Maury Roberts and Nat Bryan stuffed the waste-paper bale onto the intake platform, while Sam Brewster’s hand hovered over the electronic keyboard that controlled the entire operation. He thumbed a switch. The machine hummed. The bale of paper moved ponderously forward, into the jaws of the shredders.

From there the shredded cellulose proceeded to the first stomach to be mangled and pulped into a soggy semiliquid; then on to the second stomach for further breaking-down, then to the wringer in the third stomach, then to the fourth, where digestion proper could begin. Translucent feed lines spurted enzymes into the system at the properly programmed intervals. Counters clicked; gears meshed. The effect was imposing.

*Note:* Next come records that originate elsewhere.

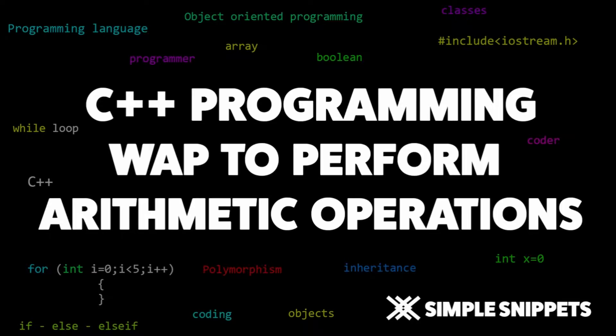Hey everyone, Tanmay here for Simple Snippets and I'm back with another video tutorial on C++ programming. In this video tutorial we'll be looking into a programming problem wherein we'll perform some arithmetic operations.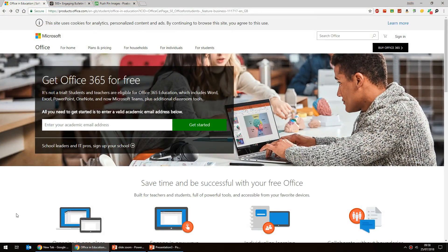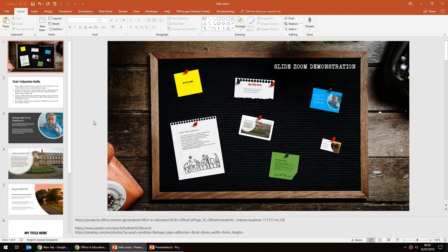Here is the website you'll need to sign up on — I'll leave the link in the description below. Go to the website, type in your school, college, or university email address, say whether you're a teacher or student, and that's it. You can download the applications and start using them. It's not a trial — it's completely free. If you don't have a school email, you can still get Office 365 for about eight pounds a month, which includes all the latest updates and features like slide zoom.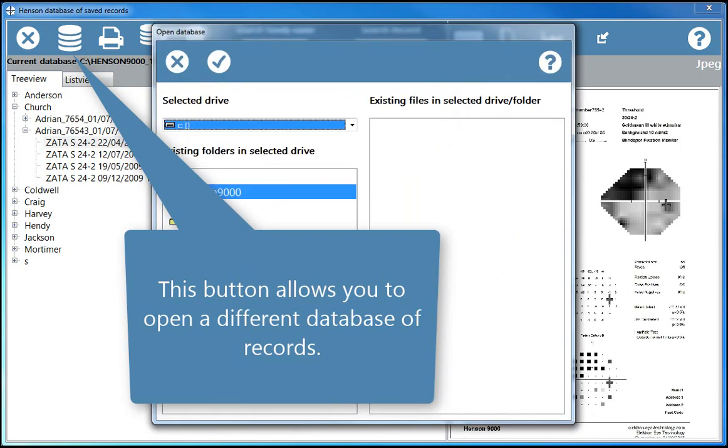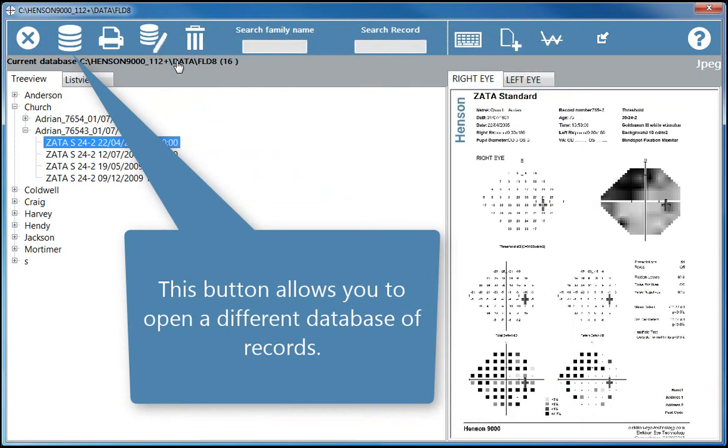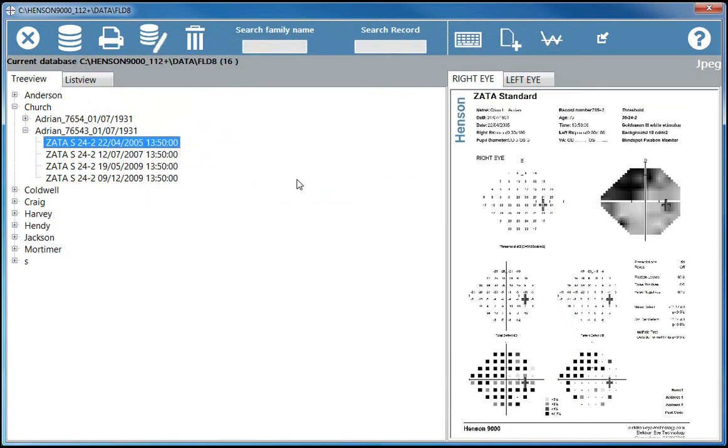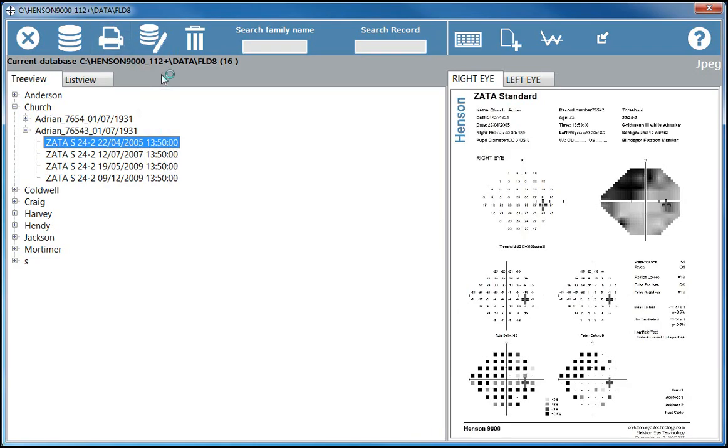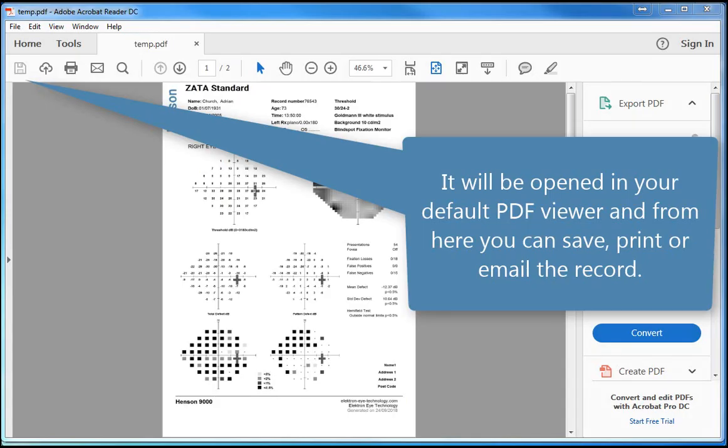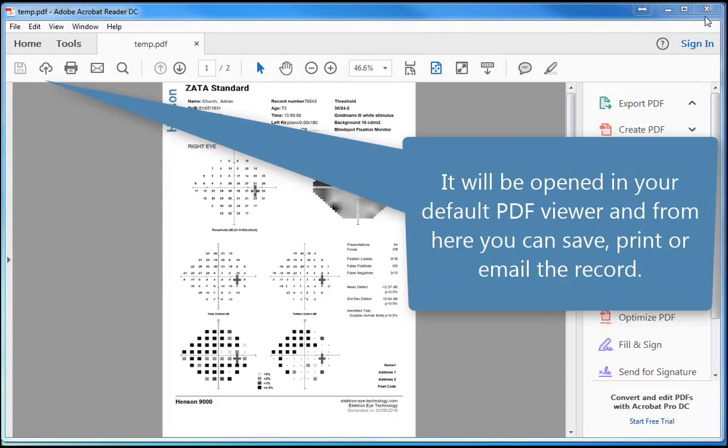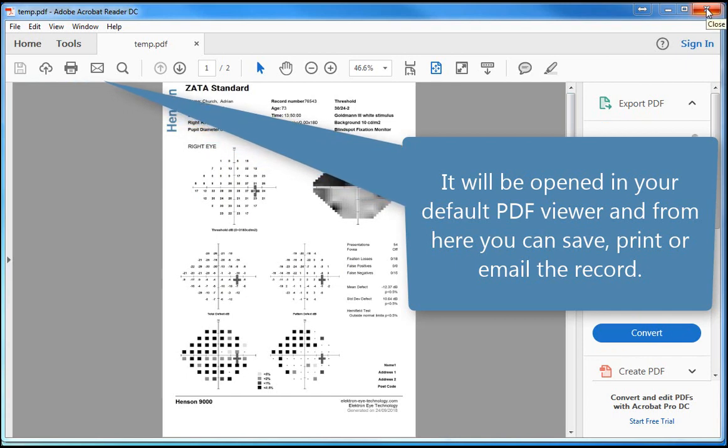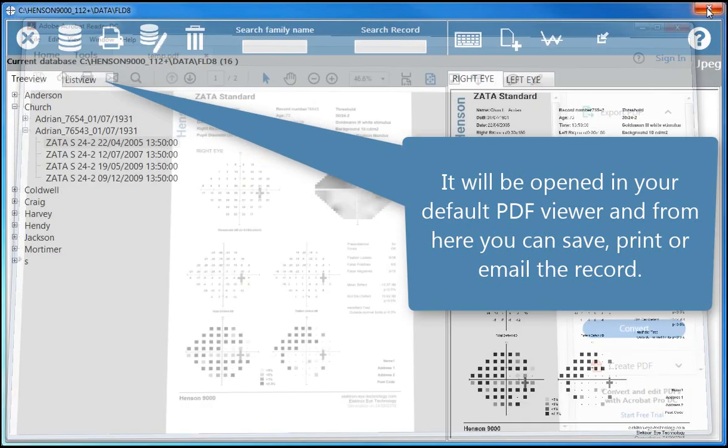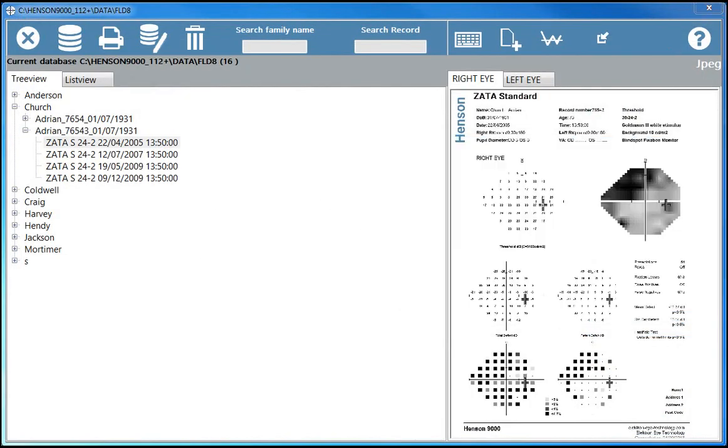This button allows you to open a different database of records. The currently displayed record can be printed by clicking the printer icon. It will be opened in your default PDF viewer and from here you can save, print, or email the record.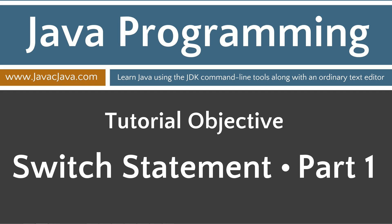So when the result of a single expression will determine many outcomes, the switch statement is far superior to the if statement. Now in my switch statement tutorial part two, I will discuss other powerful features of the switch statement. That concludes this tutorial. Thanks for watching.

According to Mason’s computations, the process, vastly accelerated over its natural counterpart, would take about three hours from waste-paper to milk. The time was 0540 hours when the first few drops of yield came filtering through the udder. At 0650, after Maury Roberts had run some quick chemical tests and after the yield had been refrigerated, the six bleary-eyed experimenters gravely toasted each other with milk that was milk to the last decimal point.